The group allegedly stole as many as 500 identities to apply for fraudulent loans — eventually stealing at least $250,000.
“Over the course of a year these defendants allegedly operated a highly sophisticated and organized loan and identity theft ring,” Singas said in a press release. “The effects of this type of fraud are devastating for those who have to reclaim their identities and the banks that have to recoup financial losses. This investigation, one of the largest identity theft cases we have ever investigated, highlights the importance of strong working relationships among all levels of law enforcement.”
The Mastermind Ran a Credit Repair Business
The fraud ring leader – Dacson Sears – was the mastermind of the operations and opened a credit repair business called Sears Credit Advisory Counselling LLC which he ran out of his apartment. But Sears wasn’t doing a lot of credit repairing – his sole focus appears to be destroying other people’s credit for his own benefit.
Dacson Sears started a credit repair business out of his apartment
To facilitate his scheme, he recruited a Capital One employee to feed him identities and then help open fraudulent accounts. Summer Abooshady, of Queens, worked for Capital One as a banker and is accused of stealing account information and selling it to the other members of the ring. While employed there, she allegedly opened accounts for Sears in the names of the stolen identities so Sears could have loan proceeds deposited into the accounts.
The ring worked with money mules who are accused of withdrawing the loan proceeds from ATMs and spending the money on personal expenses including car loans, rent, and airline tickets.
The ring was not picky about the identities they stole – victimizing people from at least 6 states – but prosecutors believe that there are many more victims that have not been identified yet.

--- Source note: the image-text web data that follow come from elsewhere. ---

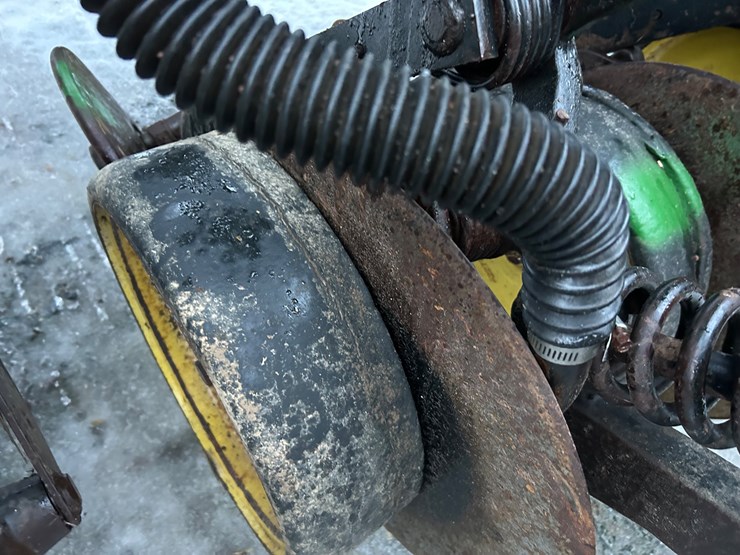 john-deere-750-image-6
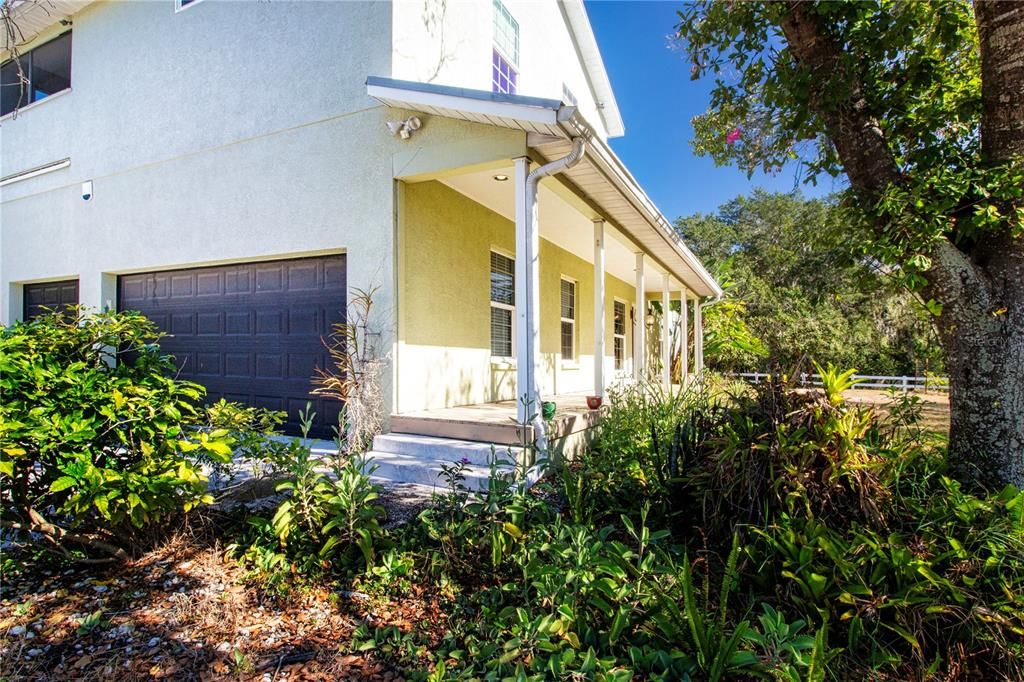 En Venta: $599,000 (3 camas, 3 baños, 2963 Pies cuadrados)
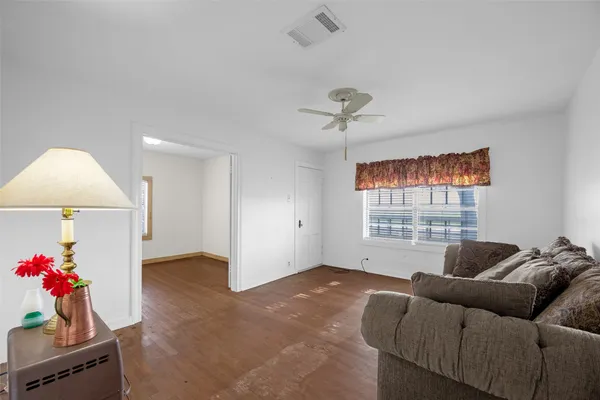 $769,000 | 8439 Fm 442, Boling, TX 77420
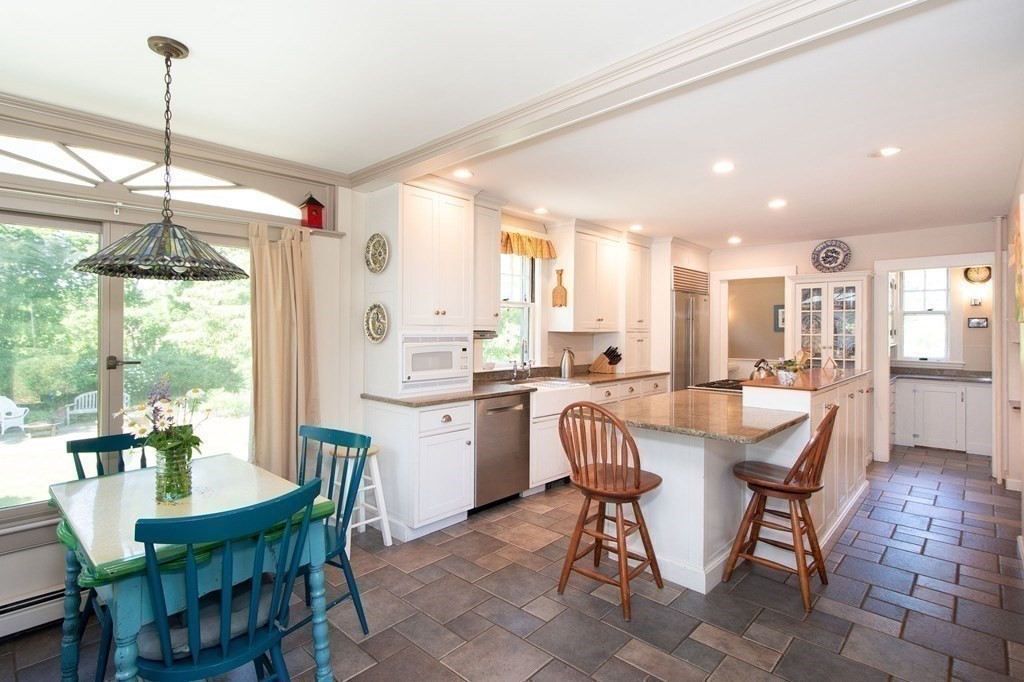59 Ripley Road Cohasset, MA 02025 - Photo 10 of 36 Gallery Image 10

Former NFL Hopeful Among Those Busted
Nyantakyi Boateng — an undrafted wide-receiver who attended the Giants rookie mini-camp in 2010 — was involved in the fraud scheme.

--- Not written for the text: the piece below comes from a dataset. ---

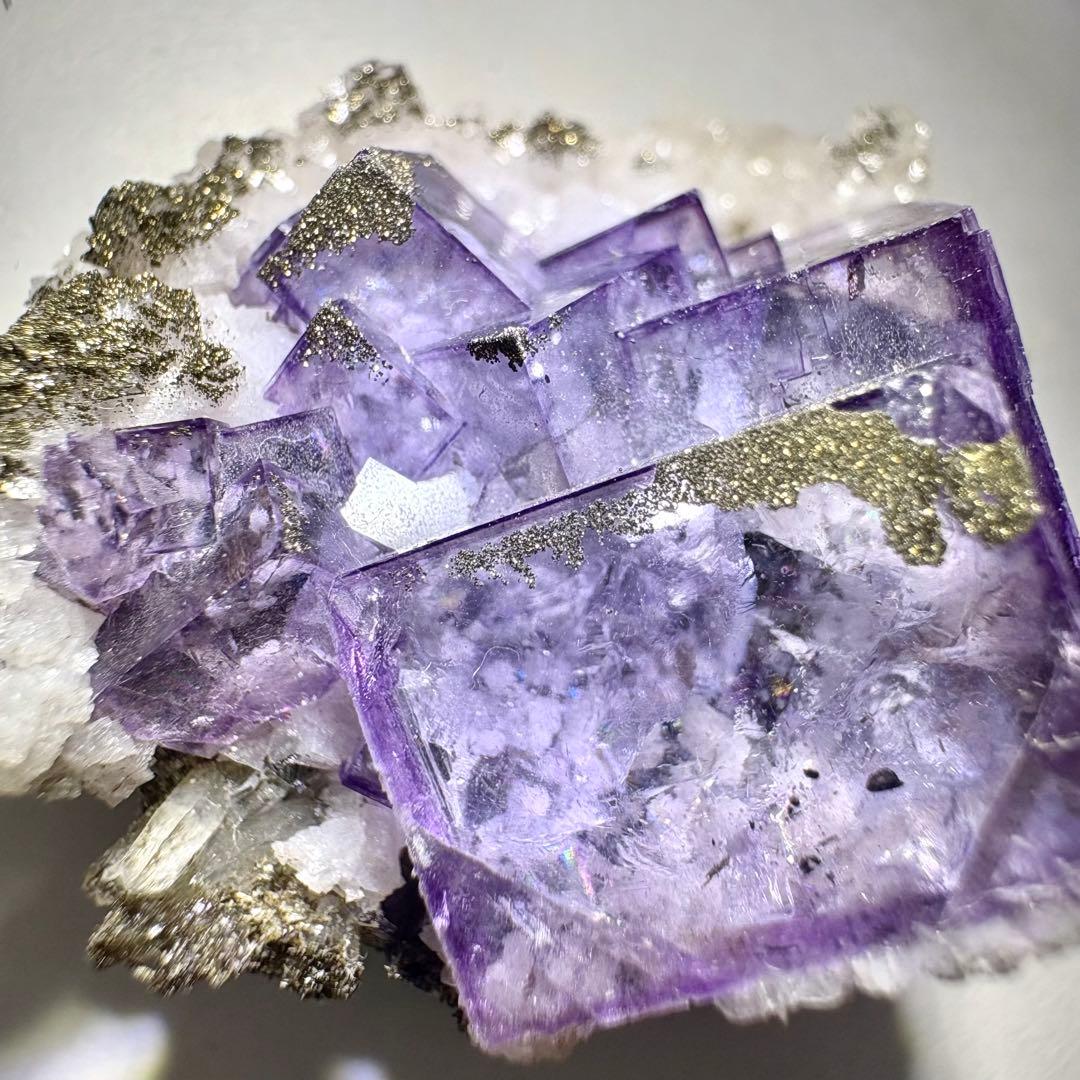 453 中国　ヤオガンシャン産　フローライト&パイライト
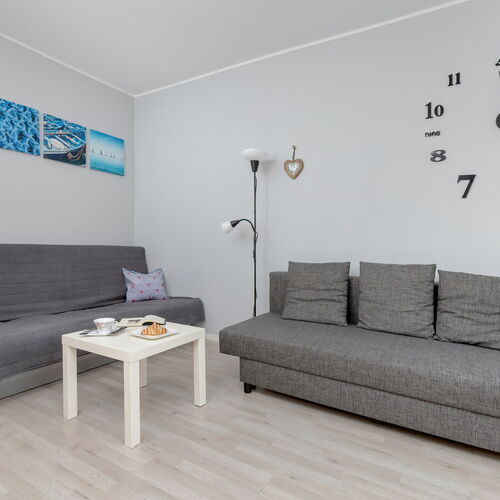 Bohaterów Starówki Warszawskiej 8/13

The New York Post reports that this was not his first run-in with the law. He was busted in Gainesville, Florida, in 2007, and charged with burglary, battery, and criminal mischief, the Mercury News reported. Cops at the time said he tried to enter an ex-girlfriend’s apartment, and when she refused, he kicked in the door and went in anyway, the outlet reported.
The Ghana-born athlete moved with his family to Brooklyn when he was 6 years old, and became a two-sport star at Lincoln High School, where he played football and basketball.
“Boateng is a transfer from Florida who has struggled on and off the field because of injuries and conduct,” his scouting report on NFL.com said. “He will require a strong background check by any team interested in gambling on his physical talent.”
Shots of the Busted Fraud Ring
The fraudsters that were involved in the scam included:
- 36-year-old Dacson Sears, of Brooklyn, who was charged with two counts of grand larceny, three counts of identity theft, and scheme to defraud.
- 32-year-old Nyantakyi Boateng, Perth Amboy, New Jersey, who was charged with two counts of grand larceny, identity theft, and scheme to defraud.
- 28-year-old Konstantinos Toikas, of Brooklyn, who was charged with grand larceny, identity theft, and scheme to defraud.
- 25-year-old Amber Mantock, of Queens, who was charged with grand larceny, identity theft, and scheme to defraud.
- 26-year-old Summer Aboushady, of Queens, who was charged with scheme to defraud, six counts of falsifying business records, and unlawful possession of personal identification information.
They Targeted 5 Credit Unions
The fraud ring appeared to favor the friendly lending environment of credit unions and applied for many different loans.
Dacson Sears submitted more than 100 different applications to various credit unions including Nassau Educators Federal Credit Union, Pentagon Federal Credit Union, Digital Credit Union, Comtrust Federal Credit Union, and Navy Federal Credit Union.
The loans, taken out in amounts ranging from $7,500 to $35,000, were allegedly filed electronically under the stolen identities, using the names and social security numbers of the individuals. Prosecutors say that in many cases, a money order was used to open the loan, and once the credit union approved it, the loan money was deposited into bank accounts opened in the victims’ names at Capital One.
Teachers with credit scores over 680 were especially targeted by the fraud ring since they were very successful in getting fraudulent loan applications through Nassau Educators Federal Credit Union.